Concerned about loans turning bad due to a faulty cane pricing policy in Uttar Pradesh, banks have asked promoters and directors of sugar mills, especially the smaller ones, to give their personal guarantee besides sugar stock as collateral to get fresh working capital advances, according to bankers and industry executives.
Bankers said the absence of a reasonable cane pricing formula — which has made sugar operations “unviable” in UP — was to be mainly blamed for the industry’s inability to service debt. Moreover, banks’ fears about a spurt in non-performing assets (NPAs) worsened after the Supreme Court in October upheld the Allahabad High Court’s order that farmers would have the first right over realisation from sugar sales, and not the lenders. “After the SC verdict, banks are now virtually forced not to reckon sugar as security.

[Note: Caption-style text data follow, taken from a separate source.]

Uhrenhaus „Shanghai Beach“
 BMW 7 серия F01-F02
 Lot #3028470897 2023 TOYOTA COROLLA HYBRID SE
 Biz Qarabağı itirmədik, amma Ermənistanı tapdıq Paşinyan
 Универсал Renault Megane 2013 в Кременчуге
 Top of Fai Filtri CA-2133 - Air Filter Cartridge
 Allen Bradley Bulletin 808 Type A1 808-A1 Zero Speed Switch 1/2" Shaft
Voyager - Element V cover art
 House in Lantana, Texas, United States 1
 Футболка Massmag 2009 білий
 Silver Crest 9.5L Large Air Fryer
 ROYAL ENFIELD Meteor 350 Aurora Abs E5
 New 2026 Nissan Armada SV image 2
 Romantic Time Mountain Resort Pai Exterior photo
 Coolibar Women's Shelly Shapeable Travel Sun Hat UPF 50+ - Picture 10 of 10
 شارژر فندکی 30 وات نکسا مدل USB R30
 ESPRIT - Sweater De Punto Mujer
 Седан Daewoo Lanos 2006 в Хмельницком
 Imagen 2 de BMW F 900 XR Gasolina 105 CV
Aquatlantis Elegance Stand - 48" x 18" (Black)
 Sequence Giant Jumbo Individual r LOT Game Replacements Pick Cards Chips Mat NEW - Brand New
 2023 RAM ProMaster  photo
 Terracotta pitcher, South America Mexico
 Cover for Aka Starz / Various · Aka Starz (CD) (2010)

Mills are compelled to sell sugar stock, even below costs, to clear cane arrears, and banks no longer have the first right over proceeds from sugar sales, as was the case earlier. That’s why we are asking for personal guarantee from promoters or some other directors of sugar companies should they want loans, but many of them are reluctant to offer it,” a senior official with the Punjab National Bank told FE.
SBI and PNB are the top two lenders to the UP sugar industry and have between them an exposure of Rs 5,000-6,000 crore.
Executives of some sugar mills said since some promoters themselves are facing a liquidity crisis, they are unable to furnish personal guarantee for loans. Already, around 30% of the mills in UP, especially the smaller ones, are yet to get working capital loans this season.
Since banks are reluctant to lend and the mills are mandated by the UP government to pay farmers bulk of the cane price amount (Rs 240 per quintal) within 14 days of purchases, most factories are being forced to sell sugar even in a falling market. Already ex-mill sugar prices in UP have hit over three-year lows, falling below even the cost of cane needed to produce the sweetener. Mills are yet to pay around Rs 2,000 crore to farmers for cane purchases for last and the current seasons.
Late last year, SBI chairperson Arundhati Bhattacharya and then PNB chairman KR Kamath had written to UP chief secretary Alok Ranjan to urgently finalise a cane pricing formula, factoring in interests of all stakeholders.
In the letter, Bhattacharya had warned banks wouldn’t be able to lend to mills unless the state implemented the Rangarajan formula, linking prices of cane to sugar and other by-products and that 75% of the sugar price is to be paid to farmers for cane supplies. She also said the government should consider offering subsidy to mills in accordance with a policy by the state government implemented in 2004 but was suspended abruptly in 2007 leaving mills that had taken loans to invest heavily cash-strapped.
Mills in UP already incurred around Rs 7,250 crore in losses for the three years through 2013-14 as returns from sugar sales failed to keep pace with the state-advised price (SAP) for cane fixed by the UP government, which, at Rs 280 per quintal, was 27% higher than the benchmark rate set by the Centre.